Or consider Suffolk County’s sewage treatment plant at its Francis Gabreski Airport in Westhampton. The plant does tertiary treatment and recharges the effluent back into the ground. The Village of Westhampton Beach is now in the process of establishing a sewer district to be hooked into the Gabreski plant

Long Island naturalist John Turner of the Seatuck Environmental Association, points to neighboring Nassau County where, he says, all sewage treatment plants “discharge into coastal waters.” As a result, there has been a drying up of streams and creeks and the lowering of lakes because of the loss of quantity in the water table. Further, saltwater intrusion into the set of aquifers that comprise the water table has destroyed the potability of some of Nassau’s fresh water.

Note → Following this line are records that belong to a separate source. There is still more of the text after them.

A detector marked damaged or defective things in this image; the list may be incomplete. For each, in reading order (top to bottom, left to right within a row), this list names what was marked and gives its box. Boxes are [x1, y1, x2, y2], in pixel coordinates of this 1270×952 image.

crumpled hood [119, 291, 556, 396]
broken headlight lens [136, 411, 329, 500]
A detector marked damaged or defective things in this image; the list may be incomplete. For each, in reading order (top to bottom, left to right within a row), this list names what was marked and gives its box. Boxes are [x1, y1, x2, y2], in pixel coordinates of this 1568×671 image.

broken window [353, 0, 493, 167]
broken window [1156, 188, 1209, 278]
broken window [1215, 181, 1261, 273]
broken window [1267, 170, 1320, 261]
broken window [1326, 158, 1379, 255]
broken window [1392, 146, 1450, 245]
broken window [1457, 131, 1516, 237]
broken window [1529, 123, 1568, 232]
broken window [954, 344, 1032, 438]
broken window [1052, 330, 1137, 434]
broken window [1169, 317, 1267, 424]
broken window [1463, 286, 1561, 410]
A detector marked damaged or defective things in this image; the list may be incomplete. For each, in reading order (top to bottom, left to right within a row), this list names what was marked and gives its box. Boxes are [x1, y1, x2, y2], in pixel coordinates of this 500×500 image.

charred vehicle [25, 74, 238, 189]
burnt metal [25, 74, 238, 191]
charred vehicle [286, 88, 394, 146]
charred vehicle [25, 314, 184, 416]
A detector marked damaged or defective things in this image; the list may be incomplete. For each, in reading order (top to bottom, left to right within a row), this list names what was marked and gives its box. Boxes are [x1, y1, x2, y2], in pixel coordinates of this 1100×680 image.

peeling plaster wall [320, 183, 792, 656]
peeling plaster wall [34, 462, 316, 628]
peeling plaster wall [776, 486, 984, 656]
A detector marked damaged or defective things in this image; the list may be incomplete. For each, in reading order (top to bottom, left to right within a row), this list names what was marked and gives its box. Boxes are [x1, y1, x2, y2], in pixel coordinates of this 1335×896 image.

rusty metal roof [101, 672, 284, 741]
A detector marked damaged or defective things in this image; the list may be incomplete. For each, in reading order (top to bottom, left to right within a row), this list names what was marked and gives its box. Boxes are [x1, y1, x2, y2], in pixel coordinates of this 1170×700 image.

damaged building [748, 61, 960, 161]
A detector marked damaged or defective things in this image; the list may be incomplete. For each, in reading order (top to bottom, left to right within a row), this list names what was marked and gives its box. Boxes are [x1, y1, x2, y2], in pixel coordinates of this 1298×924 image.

In Suffolk, the sewage plant discharging the greatest volume of wastewater into a waterway is the county’s Bergen Point Wastewater Treatment Plant in West Babylon, built to send 30 million gallons of wastewater a day through an outfall pipe for the county’s Southwest Sewer District into the Atlantic Ocean.

There is now a drive by the administration of County Executive Steve Bellone to expand the boundaries of the Southwest Sewer District. Mr. Bellone has also been pushing for piping the wastewater from the proposed massive Ronkonkoma Hub, to the Bergen Point plant, miles away, and out to sea. The Hub is to be a $600 million complex of 1,450 apartments and many offices and retail stores.

Brookhaven Supervisor Ed Romaine has urged a sewage treatment plant instead, with recharge for the Hub.

“We don’t need to pump wastewater out into bays and the Long Island Sound and ocean,” said Mr. Romaine. “Sewage treatment plants should recharge wastewater back into the ground. We need to be concerned about the quantity of water as well as quality.”

Although the county’s Bergen Point Treatment Plant sends the most wastewater out into a waterway, other culprits include: Patchogue Sewage Treatment Plant which discharges into the Patchogue River; Port Jefferson Sewage Treatment Plant which discharges into Long Island Sound; Village of Northport Wastewater Treatment Plant, which also discharges into the Sound.

Mr. Turner is seeking a “consensus on the island for an islandwide water reuse feasibility study” that could be a “blueprint and roadmap for the implementation of water recycling programs.” He states that “wastewater has been reliably and safely used” in states including California and Florida, as well as in the Southwest.

Indeed, Sag Harbor Mayor Sandra Schroeder notes that in Palm Harbor, Florida, west of Tampa, where she has a vacation home, treated wastewater is pumped to residents and businesses for irrigation and other uses. “I water my lawn there with the reclaimed water,” she says. “It’s a win-win.”

Pinellas County Utilities, which operates the William E. Dunn Water Reclamation Facility, points out on its website that the “reclaimed water” is carried in a “separate reclaimed water pipe system …identified by the color purple.”

An alternative to discharging into Shelter Island Sound for the Shelter Island Heights Wastewater Treatment Plant that has been “in discussion for 15 years,” is the possibility of sending its treated effluent to Goat Hill where it would be used as fertilizer on the course, said Stella Lagudis, general manager of the Shelter Island Heights Property Corporation, which owns and operates the plant.

An engineering study has been done and a “pricing” estimate made, Ms. Lagudis told me. “The cost turns out to be enormous.” Still, she said, the corporation has continued to pursue the possibility and has been “working together with the town” and its Grants Committee on it.

“We want to be forward-thinking,” she said.

Meanwhile, hooray for purple pipes. Hooray for reclaimed water. The quantities in the underwater tables below Long Island and Shelter Island would benefit by the use of reclaimed water.